Nyatanya, bertempat di kantor lembaga anti rasuah Gedung Merah Putih KPK Kuningan Persada Jakarta Selatan, Rabu (6/5/2018), KPK kembali memanggil sejumlah saksi untuk dimintai keterangan.
Salah satunya yang terus koperatif memenuhi panggilan adalah saksi Olly Dondokambey.
Dalam kapasitasnya sebagai saksi, Dondokambey yang diketahui saat ini menjabat sebagai Gubernur Sulut, tiba di kantor anti rasuah pukul 09.45 WIB dengan mengenakan kemeja batik serta celana bahan berwarna hitam.
Sebelum masuk ke lobby gedung KPK, Bendahara Umum (Bendum) PDIP ini mengatakan bahwa dirinya hadir hanya sebagai saksi.
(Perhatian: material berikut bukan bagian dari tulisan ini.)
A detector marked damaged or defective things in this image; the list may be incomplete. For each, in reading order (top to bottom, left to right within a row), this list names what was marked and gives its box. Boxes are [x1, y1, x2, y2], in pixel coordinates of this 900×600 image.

“Ya kan sudah dijelaskan, Irvanto ya (sama Made Oka),” ujar Olly sambil berjalan masuk Gedung Merah Putih KPK, saat wawancara cegat sejumlah media.
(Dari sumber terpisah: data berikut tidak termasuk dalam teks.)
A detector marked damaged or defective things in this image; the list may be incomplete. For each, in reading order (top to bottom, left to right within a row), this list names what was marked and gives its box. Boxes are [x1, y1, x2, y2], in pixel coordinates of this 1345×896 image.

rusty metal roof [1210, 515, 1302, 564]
Tak berselang lama hampir dua jam, Olly keluar dari gedung KPK dengan wajah berseri serta memancarkan senyum khasnya seakan tak ada beban ketika para awak media menjemputnya untuk meminta keterangan dari hasil pemeriksaan di dalam gedung KPK.
Dengan cekatan, Olly menyampaikan materi pemeriksaan sama dengan pertanyaan waktu pemeriksaan sebelumnya.
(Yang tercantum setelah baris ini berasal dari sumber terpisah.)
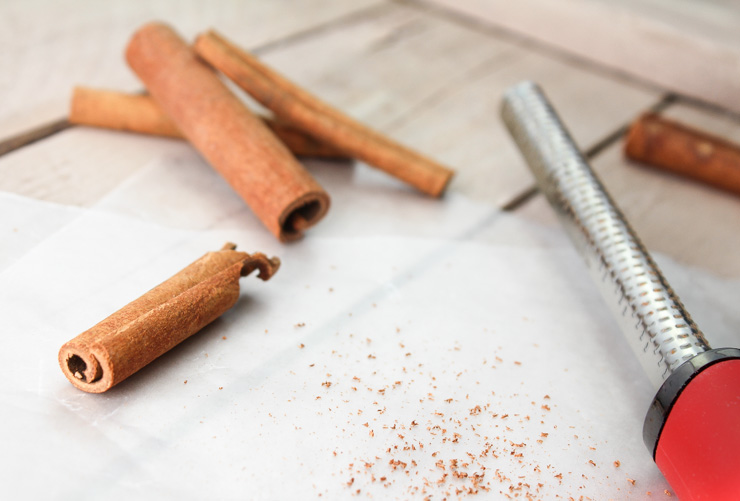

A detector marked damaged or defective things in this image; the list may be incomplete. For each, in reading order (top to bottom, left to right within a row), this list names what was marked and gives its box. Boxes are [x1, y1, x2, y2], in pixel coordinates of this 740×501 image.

broken cinnamon piece [67, 86, 350, 158]
broken cinnamon piece [125, 22, 328, 241]
broken cinnamon piece [194, 29, 454, 197]
broken cinnamon piece [624, 113, 740, 197]
broken cinnamon piece [58, 243, 280, 394]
“Masih sama dengan pertanyaan yang lalu. Hanya saja kali ini ada pertanyaan terkait kedua tersangka baru (Irvanto dan Made Oka). Saya katakan tidak pernah kenal dengan penadah duit korupsi yang mengalir ke tersangka Setya Novanto,” ungkap Dondokambey.
Sedangkan terkait pembahasan anggaran e-KTP, eks pimpinan Banggar ini mengarahkan kepada Menteri Keuangan.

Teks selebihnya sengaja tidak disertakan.